Finnish smartphone startup Jolla has teamed up with Russian search company Yandex to deliver Android apps to its forthcoming Sailfish OS devices.
The app store arrangement with Yandex locks in a key missing piece in the startup's story so far, namely, where owners of the Jolla device would get their apps from.
The young company of former Nokians haveand have also launched two pre-sale campaigns for the Jolla device, mainly targeting consumers in European countries.
Jolla hasn't revealed how many devices it's sold under the pre-order campaign but expects to deliver them to buyers sometime before the end of the year.
The deal with Yandex means that when the Sailfish OS smartphone does reach buyers, it will come pre-installed with the Yandex.Store app.
"Jolla's strategy is always to work with the most applicable service partners in specific markets and create long-term strategic partnerships. We analysed a number of alternative Android app stores to use for our first markets in Europe, and quickly found out that what Yandex offered was very competitive and that they were very interested in developing their app store together with us for their future needs and for the needs of Sailfish customers", Sami Pienimaki, co-founder of Jolla said in a statement.

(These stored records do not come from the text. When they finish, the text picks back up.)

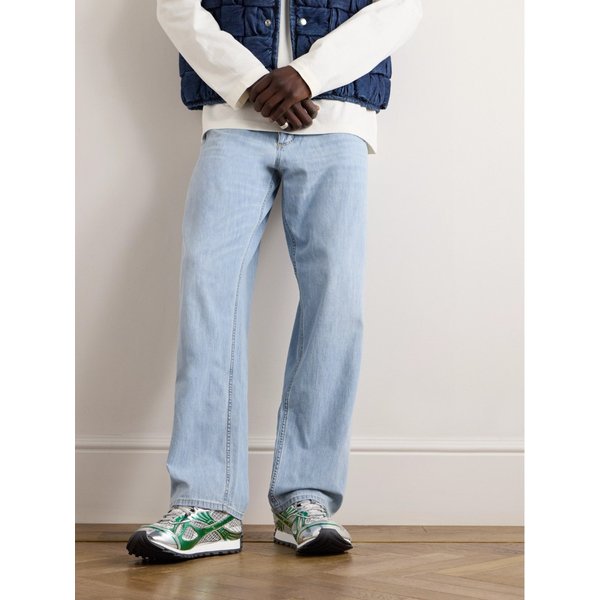 오르빗 메탈릭 러버 메쉬 스니커즈 1647597339206505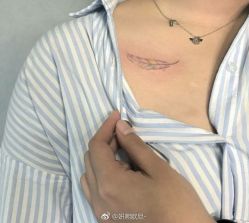 -極致刺青TATTOO STUDIO 私人订制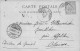 Enfants à La Séguia 1902 Cachet Affoltern Albis Tunisie Bizerte - Tunisie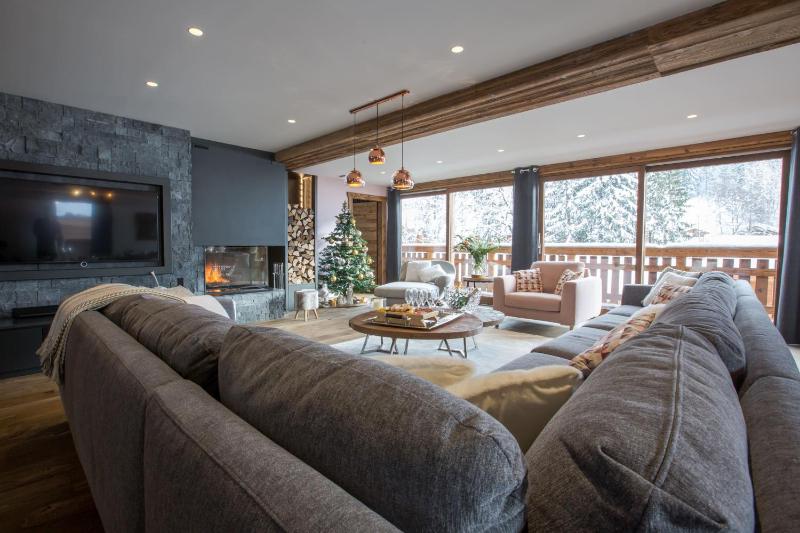Chalet Le Saint-Jean - 15 pers - proche pistes - image 40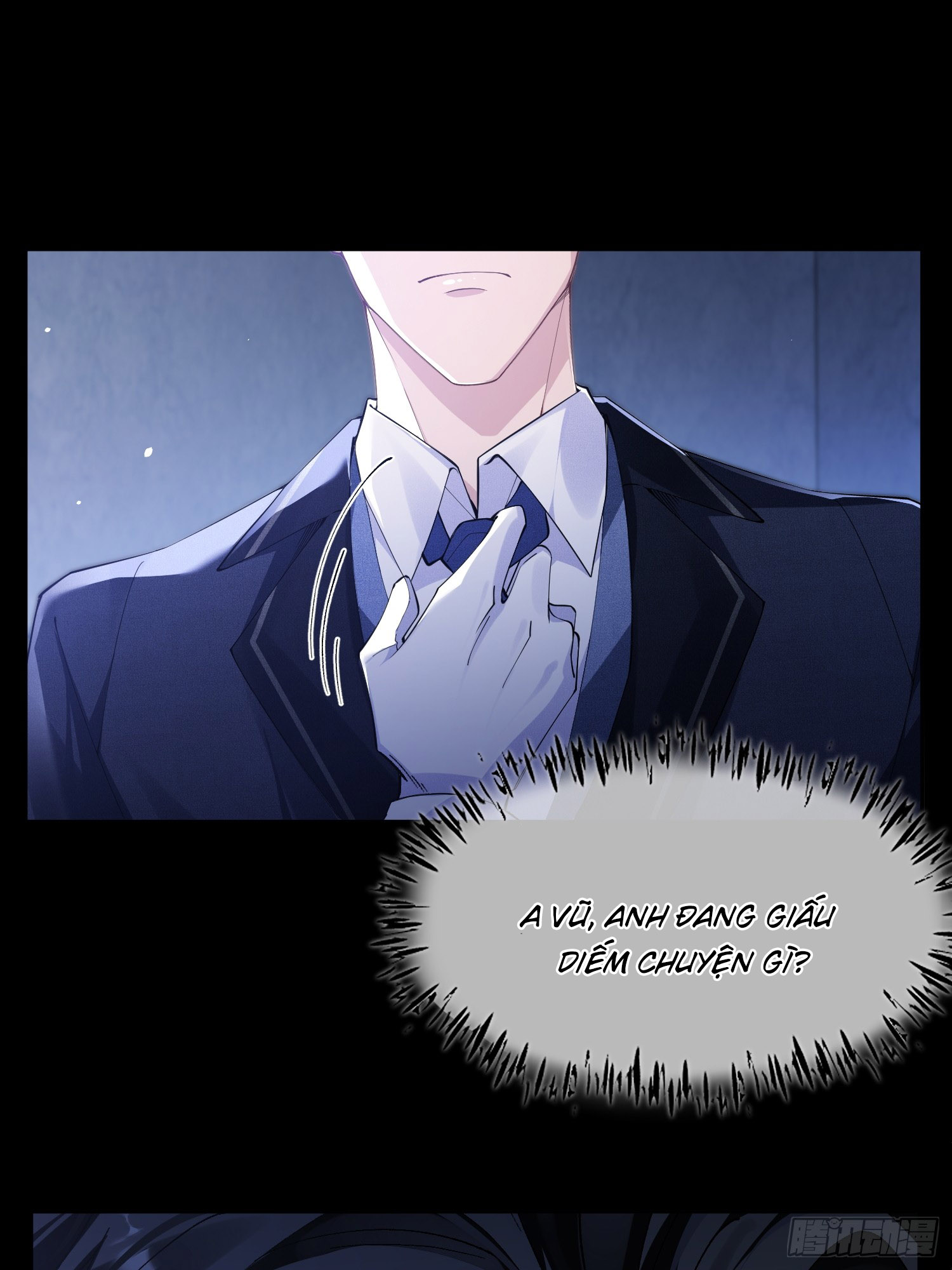 ỷ trên hiếp dưới chapter 1 62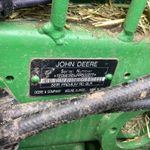  2024 John Deere 561R at LandMark in Gothenburg, NE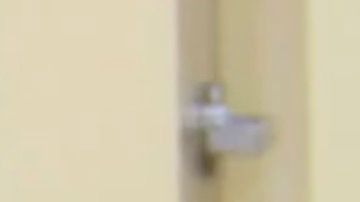 El entrenador Eddie Frasier en una imagen de una entrevista publicada en YouTube.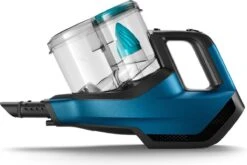 Philips SpeedPro Aqua FC6728/01- Steelstofzuiger - Met Dweilfunctie -Reinigingsapparaten Winkel 1200x802 4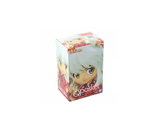 “Figura Q Posket Inuyasha versión A en su empaque original Bandai.”

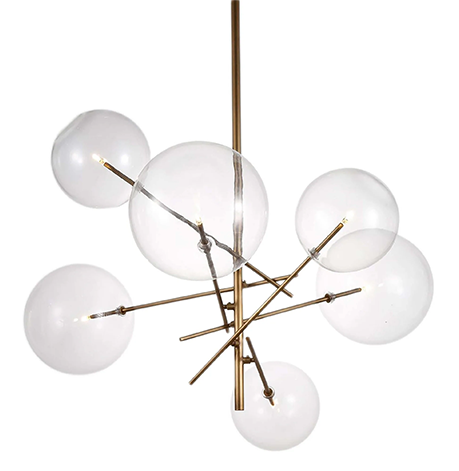 Leona Chandelier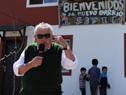 Entrega de viviendas en Luis Batlle Berres del Plan Juntos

According to Yandex, its app store features over 85,000 apps in 17 categories - still a fraction of the 900,000 or so app available on Google Play, but better than starting with from scratch with native-only apps. Yandex also notes that its store has an "in-app purchase opportunity" and is available in 37 languages.
Although Jolla has sought Android compatibility for Sailfish OS, it has never looked to Google Play as a distribution hub for those apps, pointing instead to third-party app stores.
Jolla has also been keen to launch in the Chinese market, very early on.
Although it hasn't announced further progress in China, if it does, the fact that it can't distribute apps through Google Play probably won't matter. A recent breakdown of the Chinese Android distribution by mobile analyst Benedict Evans showed that Google Play was only responsible for six percent of all app installs in China. Third party app markets, such as Tencent App Gem, Baidu App Store and AppChina, were responsible for 72.6 percent of all installs in China.